By David Petersen
192 pages, color
Published by Archaia
It took a little longer than planned due to some publisher reorganizing, but Mouse Guard: Winter 1152—David Petersen’s second Mouse Guard mini-series—has come to a conclusion. With a hardcover collection scheduled for this summer, it seemed like a good at time as any to sit down and re-read all six issues. While Petersen certainly made a splash with his debut mini-series (Mouse Guard: Fall 1152), I have to say I was a little surprised with this second story. As good as the first was, this one feels even deeper and richer than what we’ve seen up until now.
The mouse kingdom of Lockhaven has seen better days. While the army of Midnight failed to destroy Lockhaven or slay its queen, Gwendolyn, they’re running desperately short on supplies. A handful of Guardsmice are out visiting Lockhaven’s neighbors, trying to get food and medicine to bring back to Lockhaven and keep its mice alive. But the combination of a deep snowfall and several hostile species means that getting back to Lockhaven alive and with the much-needed supplies will be considerably more difficult than originally planned…
Don’t get me wrong, I enjoyed Petersen’s original Mouse Guard mini-series; it was charming and fun, and beautifully drawn. Here, though, I feel like Petersen has truly made the jump from just telling stories about mice, to having a fully-fleshed out world in which he’s chronicling. I love that we’re seeing so much more of the other species in the Mouse Guard world. From the abandoned weasel kingdom of Darkheather and the clouds of angry bats who thrive in the darkness, to the dangerous lone owls and the mice-allied rabbits, there’s a beautiful depth of storytelling and world-building going on here. Honestly, the more I read of Mouse Guard: Winter 1152, the more I wanted to just go over to Petersen’s house and have him tell me stories about the kingdoms and species of these lands.

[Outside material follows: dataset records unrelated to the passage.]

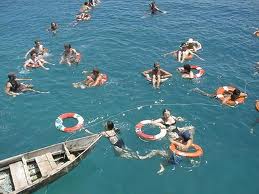 Swimming with Mama Hanh in Nha Trang, Vietnam.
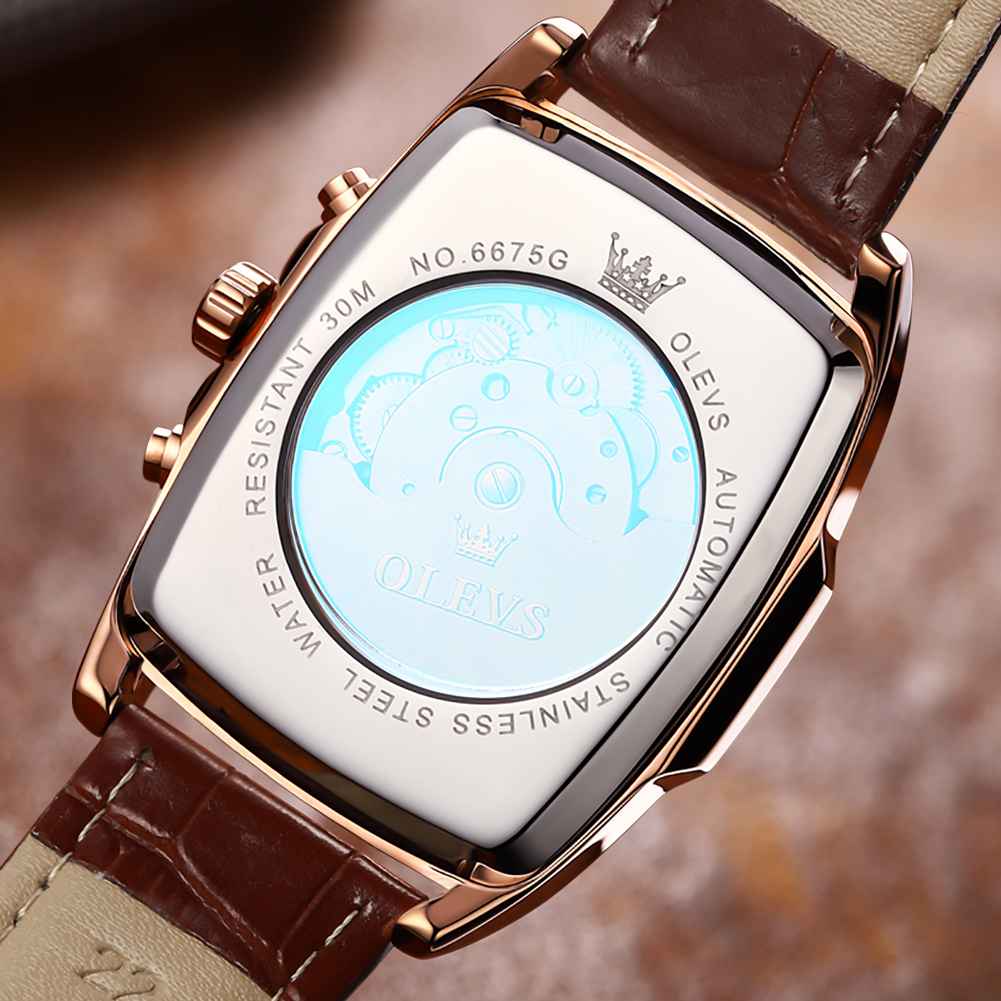 OLEVS 6675 Mechanical Dress Mens Watches Square Brown Skeleton Tourbillion Waterproof Luminous Men's Wrist Watches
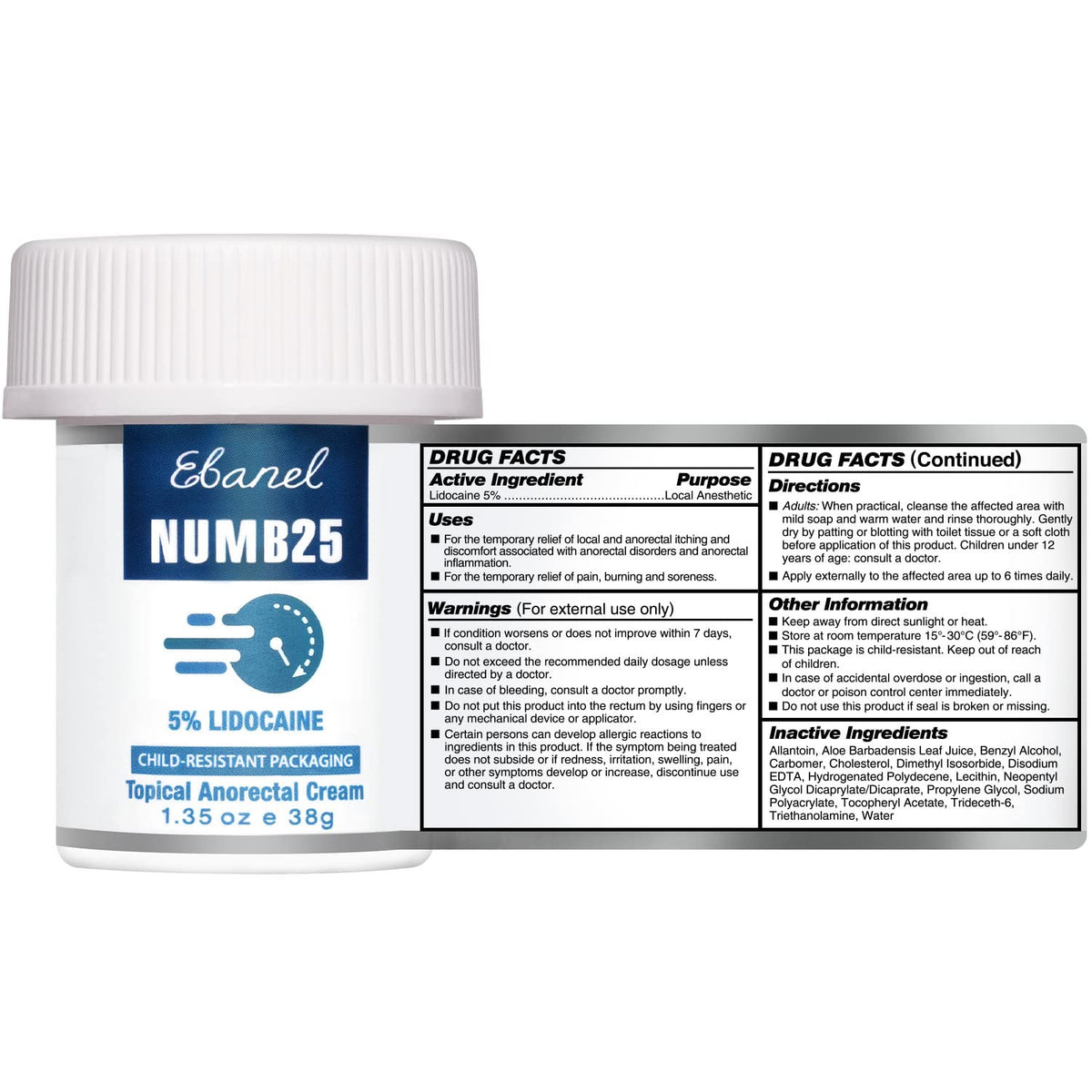 Ebanel Bundle of Lidocaine Numbing Spray, and Topical Numbing Cream 1 Oz - FENGGESTORE20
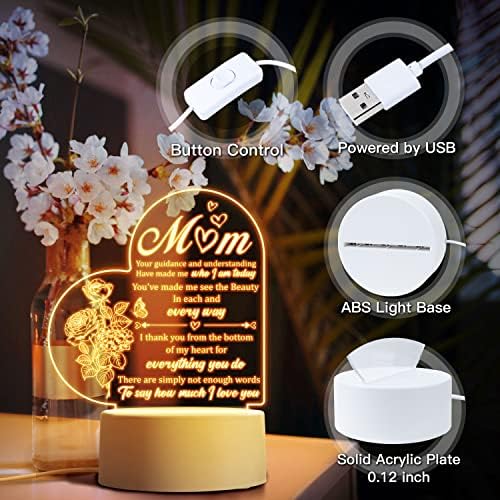 Mothers Day Gifts for Mum from Daughter - Gifts for Mum - Mum Gifts Engraved Night Light for Birthday Present for Mum, Mum Gifts from Daughter/Son with Thankful Sayings, Mothers Day Gifts for Mum - Image 6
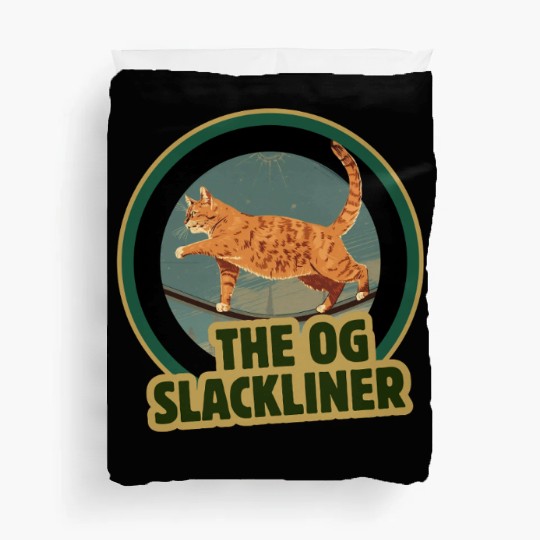 The OG Slackliner – Vintage Cat Walking the Line Duvet Covers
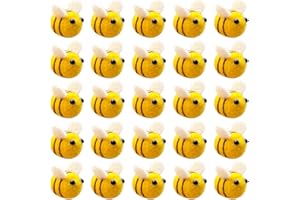 AcceLeah 25Pcs Wool Felt Bumble Bee Cute Bee Craft Ball Nursery Perfect for Baby Room Shower Gift Decorations or Costume Accessories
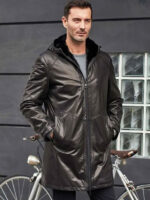 Shearling Fur Hooded Leather Trench Coat Outerwear - Image 2
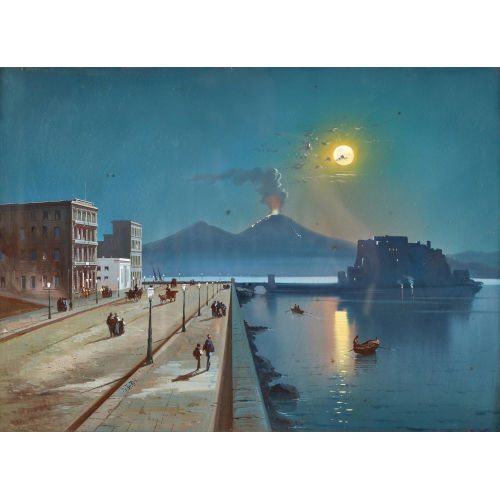 19./20. JH. NEAPOLITANISCHE SCHULE : Via Partenope in Neapel mit Castel dell'Ovo und Vesuv (DOBIASCHOFSKY AUKTIONEN AG)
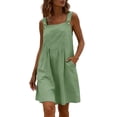 thumbnail image 2 of Tqcoqu Womens Overalls Summer Dress Sleeveless Short Dress Casual Beach Vacation Outfits with Pockets,Green,Women's S-XXXL, 2 of 6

While Mouse Guard: Winter 1152 stars five of the Guardsmice, in many ways I felt like this was really Lieam and Celanawe’s story. Sure, the other three mice get their own moments, and their journey through Darkheather provided some of the most beautiful visuals in the book. But it’s the young apprentice and wizened master relationship between Lieam and Celanawe that grabbed my attention more than anything else. Celanawe’s tough attitude might have grown tiresome in other hands, but I was entranced here. From his tunneling through the snow in order to make it to their destination in one piece, to his attack on the roving owl, Petersen made Celanawe a character that practiced what he preached, but in a way that wasn’t forced or over the top. Watching Lieam continue to grow and mature by listening and following Celanawe felt natural as well; by the end of Mouse Guard: Winter 1152, he might still be a rookie, but he’s clearly much further down the road towards his destiny. I also appreciated that we’re seeing other repercussions of the first mini-series in this story; it’s nice to know that Midnight’s uprising isn’t so easily brushed to the side and done with, and that Petersen’s playing out some of the ramifications still. It helps Fall 1152 and Winter 1152 feel like parts of a much longer story, even though both of them have had their beginning, middle, and end so that it’s a satisfying reading experience.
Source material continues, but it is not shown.